The IL-MG possessed an aromatic ring and charged imidazole ring, so there were mainly three interactions (π–π, hydrophobic interaction, and electrostatic interaction) between triazine herbicides and IL-MG, which influenced the MDSPE process. In order to obtain optimum conditions for rapid isolation and extraction of triazine herbicides from the water sample, various parameters of MDSPE including the adsorbent amount, the adsorption and desorption time, and the kind and volume of elution solvent were investigated.

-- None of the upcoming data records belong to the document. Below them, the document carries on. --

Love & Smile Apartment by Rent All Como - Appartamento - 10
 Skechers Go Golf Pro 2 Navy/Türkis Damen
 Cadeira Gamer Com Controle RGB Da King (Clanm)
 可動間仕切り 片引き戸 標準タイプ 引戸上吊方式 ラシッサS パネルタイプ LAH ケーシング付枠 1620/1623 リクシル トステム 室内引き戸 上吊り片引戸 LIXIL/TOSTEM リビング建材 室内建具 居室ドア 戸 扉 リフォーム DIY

Firstly, the amounts of IL-MG ranging from 10.0 to 60.0 mg were evaluated. IL-MG was dispersed in 50.0 mL of mixed standard solution (atrazine, ametryn, and cyanazine) with a concentration of 100 ng mL−1. The supernatant solution was collected after vortexing (10 min) for HPLC analysis to detect the loss of the analytes. As shown in Fig. 5a, the loss rate of triazine herbicides was progressively decreased from 10.0 to 40.0 mg of the adsorbent and then remained almost constant with a further increase of the amount of IL-MG. Consequently, 40.0 mg of IL-MG was used as the optimum amount for MDSPE. The adsorption time was evaluated by changing the vortexing time (1 to 30 min). Fig. 5b shows that IL-MG has a large adsorption capacity, and extraction equilibrium was attained rapidly within 15 min, so 15 min was selected as the adsorption time for further work.

image file: c7an01290j-f5.tif
Fig. 5 Optimization of MDSPE conditions: a: adsorbent amount; b: adsorption time; c: kinds and volume of elution solvents; d: desorption time.

A suitable elution solvent should be utilized to elute the analytes from IL-MG and four types of elution solvents were evaluated by performing MDSPE, including methanol, acetonitrile, acetone, and chloroform. As shown in Fig. 5c, acetone can obtain the highest recovery for all three triazine herbicides. And the recoveries of the three triazine herbicides increased until the volume of acetone reached 6.0 mL and then remained unchanged. Hence, the optimal elution solvent was 6.0 mL of acetone. The effect of the desorption time on the recoveries of triazine herbicides was evaluated by changing the elution time (1 to 20 min). Fig. 5d shows that desorption equilibrium was attained rapidly within 5 min, so 5 min was selected as the desorption time for further work.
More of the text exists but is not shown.